Because it’s your business and not Bill’s. Otherwise Bill, who pays tax on his $150K per year, is subsidizing your business. Why is it Bill’s duty to part-fund your standard operating costs? Should he kick in a few dollars for printer toner too? That’s pretty expensive.
You can argue that the government is artificially inflating the cost of labor but the intent of the minimum wage is to ensure that labor (of whatever quality) is paid at a rate that does not necessitate public subsidy for workers. If you’d prefer a UBI model there are certainly things to consider there (including higher income and business taxes to balance) but “I don’t wanna pay my employees more” is not a valid argument in itself.
Can you access it or are you just going by the abstract? I’m curious as to what chain of causation they have established, or whether this is simply a correlational observation.
I pulled some arbitrary years from BLS CPS. In 2002, 46.6% of MWers were 25 or older. In 2016 it was 54.6%. Obviously looking at just two points isn’t so rigorous. The nominal rate was increased during that time. This tells you nothing about people making MW+$.01. Etc.
This has already been debunked. A dollar sent to the worker is not a dollar sent to the employer.
A single person working full-time at MW already generally does not qualify for public subsidy. USDA does not set a hard cap for SNAP, so unless you are prepared to accept infinite wages for households that approach the clown car limit, you will never have a minimum wage that ensures that labor is paid at a rate that does not necessitate public subsidy for workers. And never mind people who cannot or will not work full-time.
If your desire is to help people who are living in poverty, wages are off target; see previous discussion about demographics of those living in poverty.
This is simply begging the question. Let’s take John Smith, low wage earner, who is only valued at $6/hr on the market. John needs, say $15/hr, to live. This is a problem for John, and arguably for society in general, to take care of the deficit between John’s earning capacity and his needs.
Ultravires, Inc. is not responsible for John’s lot in life. I did nothing to help or hinder him. I am not any more or less responsible for his earning capacity if Ultravires, Inc. is teetering on bankruptcy, or I, as CEO, am swimming in gold. John’s lot in life is caused by matters external to Ultravires, Inc. Indeed, I am free not to hire him at all and if he starves in the street, nobody comes looking for me.
This situation does not change if I hire John for $6/hr. If anything, I have removed the burden from society as it now only needs to contribute $9/hr instead of the full $15 for John’s welfare. The employment agreement between Ultravires, Inc. and John Smith does not (or at least should not) give rise to any special responsibility to provide his needs. It is simply an agreed upon exchange at a market rate: I am getting his labor valued at $6/hr and am paying him that.

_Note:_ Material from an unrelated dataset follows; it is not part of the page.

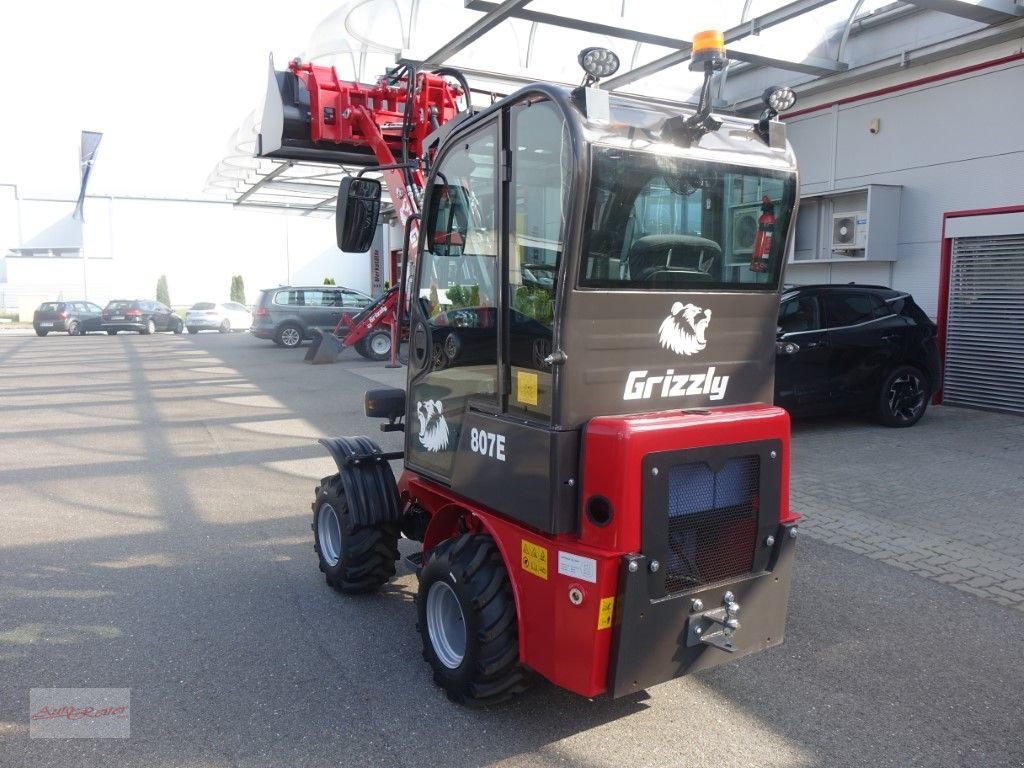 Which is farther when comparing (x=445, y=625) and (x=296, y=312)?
(x=296, y=312)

Why, morally or otherwise, did Ultravires, Inc. agree to take on John as a ward by simply employing him and alleviating at least part of his poverty?
ETA: In short, the only way Bill is “subsidizing” my business is if I had a moral duty to provide for John in the first place.

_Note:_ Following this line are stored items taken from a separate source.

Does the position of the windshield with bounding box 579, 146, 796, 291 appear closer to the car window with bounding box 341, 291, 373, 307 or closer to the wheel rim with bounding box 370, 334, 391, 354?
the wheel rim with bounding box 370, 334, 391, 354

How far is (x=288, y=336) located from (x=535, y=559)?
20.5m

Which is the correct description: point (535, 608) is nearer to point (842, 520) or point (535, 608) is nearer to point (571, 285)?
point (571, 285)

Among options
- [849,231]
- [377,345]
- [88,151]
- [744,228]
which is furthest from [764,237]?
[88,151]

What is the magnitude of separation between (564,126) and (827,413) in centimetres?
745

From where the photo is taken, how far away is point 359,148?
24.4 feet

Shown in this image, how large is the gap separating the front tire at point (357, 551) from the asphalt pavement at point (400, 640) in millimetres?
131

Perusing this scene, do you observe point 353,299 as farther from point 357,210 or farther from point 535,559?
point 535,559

Do you like roads? Police forces? Laws that penalize theft and etc? If so, it appears you like the benefits of society and are making use of them. If you want the benefits, you have a duty to provide for the costs.
Things like the minimum wage, OSHA requirements, etc are part of the costs associated with a well functioning society. As soon as you exist in a void without any benefit from society at all, you can make such arguments.
Russia has no obligation to buy a homeless American food. Americans do.
More question begging. Should the business owner have to provide the “well functioning society” in the context of paying a certain wage so that the employee has sufficient means to support himself?
I also like laws that penalize theft. Does society require a contribution from business owners, rich and bankrupt alike, to prevent theft?
OSHA requirements are a different argument and just because you (and others) put them in a comma delineated list does not make them the same.